"The power of structural regexps combined with proper Undo/Redo is also great - rather than pipe something through sed or awk, I'll often iteratively build up an expression or set of expressions that perform some particular one-off transformation, rewinding and retrying as necessary."
That's my target, I hope that when the Raspberry PI will be available enough, Codakido will be functional enough to be a good alternative to the BBC micro BASIC.
I like the choice of Lua and SDL, not only as a modern LOGO/BASIC alternative. I think it can go much further.
I guess as a minimum you want the editor to function to the level of notepad/pico/nano, and then perhaps have helpers with regards to indenting, and after that error marking similar to that of QBASIC, and after that syntax highlighting.
Added fullscreen support and wrapped it in a launcher for file selection, courtesy of PickleLauncher (helpful utility for precisely this sort of thing in the Open Pandora scene..)
BTW, I wanted to say that I think that Lua as a first-programming-language for kids is a great idea! So much easier to explain a Lua table to someone than types and so on .. And quite performant, in the end, eh? I've been using MOAI for cross-platform game development, and now your little project is going to get some love in the homebrew sense, too .. what about adding sound at some point?

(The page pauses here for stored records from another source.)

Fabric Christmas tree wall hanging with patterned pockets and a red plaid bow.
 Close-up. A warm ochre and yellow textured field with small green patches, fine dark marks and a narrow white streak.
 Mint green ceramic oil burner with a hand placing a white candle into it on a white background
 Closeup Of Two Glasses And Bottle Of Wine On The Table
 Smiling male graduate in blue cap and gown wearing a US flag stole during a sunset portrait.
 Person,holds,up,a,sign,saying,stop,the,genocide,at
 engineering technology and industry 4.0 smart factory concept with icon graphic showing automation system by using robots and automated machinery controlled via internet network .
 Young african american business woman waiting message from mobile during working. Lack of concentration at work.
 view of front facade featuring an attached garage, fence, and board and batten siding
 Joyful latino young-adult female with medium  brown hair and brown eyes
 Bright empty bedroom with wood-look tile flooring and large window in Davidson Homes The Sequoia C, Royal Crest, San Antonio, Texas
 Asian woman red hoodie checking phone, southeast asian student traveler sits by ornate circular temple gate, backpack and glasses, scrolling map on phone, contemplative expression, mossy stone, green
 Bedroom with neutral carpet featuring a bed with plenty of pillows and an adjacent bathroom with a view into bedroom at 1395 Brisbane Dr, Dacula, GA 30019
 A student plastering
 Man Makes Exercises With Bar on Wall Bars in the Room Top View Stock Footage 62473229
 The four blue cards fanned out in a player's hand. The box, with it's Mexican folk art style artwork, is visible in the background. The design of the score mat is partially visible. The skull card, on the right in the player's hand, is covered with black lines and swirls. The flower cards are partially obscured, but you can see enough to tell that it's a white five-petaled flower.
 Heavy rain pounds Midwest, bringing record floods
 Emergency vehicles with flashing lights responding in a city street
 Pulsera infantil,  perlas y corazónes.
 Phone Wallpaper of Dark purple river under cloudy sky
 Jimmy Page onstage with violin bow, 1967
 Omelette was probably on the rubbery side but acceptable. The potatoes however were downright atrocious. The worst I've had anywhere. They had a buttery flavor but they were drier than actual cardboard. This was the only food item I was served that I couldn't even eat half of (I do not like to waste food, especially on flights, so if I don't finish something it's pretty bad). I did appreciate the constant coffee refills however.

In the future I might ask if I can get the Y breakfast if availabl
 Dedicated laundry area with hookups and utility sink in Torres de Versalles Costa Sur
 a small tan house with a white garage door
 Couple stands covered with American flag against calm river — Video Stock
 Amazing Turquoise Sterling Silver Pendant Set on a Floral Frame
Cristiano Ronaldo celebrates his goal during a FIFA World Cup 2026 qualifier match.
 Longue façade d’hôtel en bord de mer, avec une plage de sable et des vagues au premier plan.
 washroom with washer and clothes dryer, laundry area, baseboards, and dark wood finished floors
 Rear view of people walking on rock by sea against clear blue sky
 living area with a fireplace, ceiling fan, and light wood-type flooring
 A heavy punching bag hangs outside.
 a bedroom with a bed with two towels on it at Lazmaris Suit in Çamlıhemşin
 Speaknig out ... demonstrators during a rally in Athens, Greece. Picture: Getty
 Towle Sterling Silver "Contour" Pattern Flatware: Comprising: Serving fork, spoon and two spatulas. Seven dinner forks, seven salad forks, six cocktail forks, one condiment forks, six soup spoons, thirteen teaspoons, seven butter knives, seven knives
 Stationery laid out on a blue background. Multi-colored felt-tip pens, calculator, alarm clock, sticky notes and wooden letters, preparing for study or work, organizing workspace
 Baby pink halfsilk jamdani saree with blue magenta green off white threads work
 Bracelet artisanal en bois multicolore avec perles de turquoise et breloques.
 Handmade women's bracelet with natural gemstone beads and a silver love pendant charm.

Appears to be painfully sluggish under X (Raspberry Pi doesn't yet have graphics acceleration there, totally not your fault). Somewhat better under SDL on the framebuffer, but I keyboard input doesn't seem to be working there. I only gave this a really quick go and it's on a wheezy rootfs I prepared, but running a rather old version of the RPi kernel. I'll delve into it in more detail later in the week.